Eine erfolgreiche 70-Jahr-Feier sei nicht zuletzt für Chinas Präsidenten Xi Jinping wichtig, sagt der chinesische Politologe Wu Qiang. Xi wolle damit zeigen, dass er die volle Kontrolle habe.
Professor Wu gehört zu den kritischen intellektuellen Stimmen in China. Seine Stelle an der renommierten Tsing-Hua-Universität in Peking hat er deshalb bereits verloren.
Die Loyalität des Militärs und die Unterstützung der Partei und der Bevölkerung zeige, dass seine Macht stabil sei. «Xi zeigt damit auch, dass Reformen in Richtung westlicher Demokratie nicht nötig sind», so Wu weiter.
Ich glaube, dass Xi Jinping sich Sorgen macht.
Und so nimmt Wu in seiner Kritik kein Blatt vor den Mund. In der Partei, sagt er, seien keineswegs alle mit der aktuellen Führung zufrieden. «In den letzten sechs Jahren hat Xi Jinping zwar fast alle seine politischen Gegner aus dem Weg geräumt. Doch mit dem Ausbruch des Handelskriegs mit den USA und der eskalierenden Lage in Hongkong ist der Widerstand in der Partei gestiegen.»
Es handle sich dabei um eine Art unsichtbare Opposition: «Wie Wasser. Man kriegt sie nicht zu fassen, sie hat keinen Anführer. Ich glaube, dass Xi sich Sorgen macht», sagt Wu.

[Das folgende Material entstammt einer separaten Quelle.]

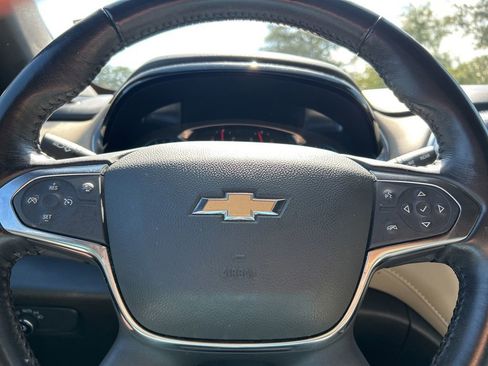 Used 2022 Chevrolet Traverse LT image 18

Hongkong wird zum Problem für Xi
Noch deutlicher wird der Hongkonger Politologe Willy Lam. Zu seinem Spezialgebiet gehört die kommunistische Partei Chinas. Xi sei von seinen Feinden in den oberen Rängen der Partei dafür kritisiert worden, dass er Hongkong nicht in den Griff bekommt – und dies so kurz vor dem 70. Jahrestag der Staatsgründung. «Xi ist deshalb unter starkem Druck.»
Da die Kommunistische Partei nicht von der Bevölkerung gewählt werde, fehle ihr die demokratische Legitimation, sagt Lam. Sie müsse diese deshalb anderswo finden – etwa im Nationalismus: «Die Chinesen erheben sich zum Beispiel gegen die USA und bauen Militärbasen im Südchinesischen Meer.»
Noch wichtiger aber sei eine anhaltende Wirtschaftsentwicklung: «Der Lebensstandard der Bevölkerung muss sich ständig verbessern.» Das allerdings sei nicht mehr so einfach, wie noch vor ein paar Jahren. So sei die Konjunktur in China nicht zuletzt wegen des Handelskriegs mit den USA ins Stocken geraten.
Xi sitzt trotz allem fest im Sattel
Allerdings ist Xis Position an der Spitze trotz der Unzufriedenheit in Partei und Bevölkerung nicht in Gefahr. Da sind sich beide Experten einig. Lam sagt, Xi drohe kein Machtverlust. Denn wer im chinesischen System Armee und Polizei kontrolliere, kontrolliere auch das ganze Land. Aber: «Die Menschen respektieren ihn nicht mehr so wie früher.»
Und da könne auch eine riesige Militärparade zum Nationalfeiertag nicht darüber hinwegtäuschen. Am Jubiläumsdefilee vom Dienstag in Peking nehmen mehr als 100'000 Personen teil. Die Partei kündigte an, über eine halbe Million Fernsehgeräte an ärmere Haushalte zu verteilen, damit diese die Feierlichkeiten ebenfalls verfolgen können.
Im Zentrum der 70-Jahr-Feier stehen Partei und Regierung.
Mit einer richtigen Teilnahme der Bevölkerung habe die Parade jedoch nichts zu tun, findet Politologe Wu: «Im Zentrum dieser Feier stehen die Partei und die Regierung.» Keine Rolle spielten dabei die Bürgerinnen und Bürger. Ihre Rechte, ihre Freiheiten oder gar eine politische Partizipation würden ignoriert.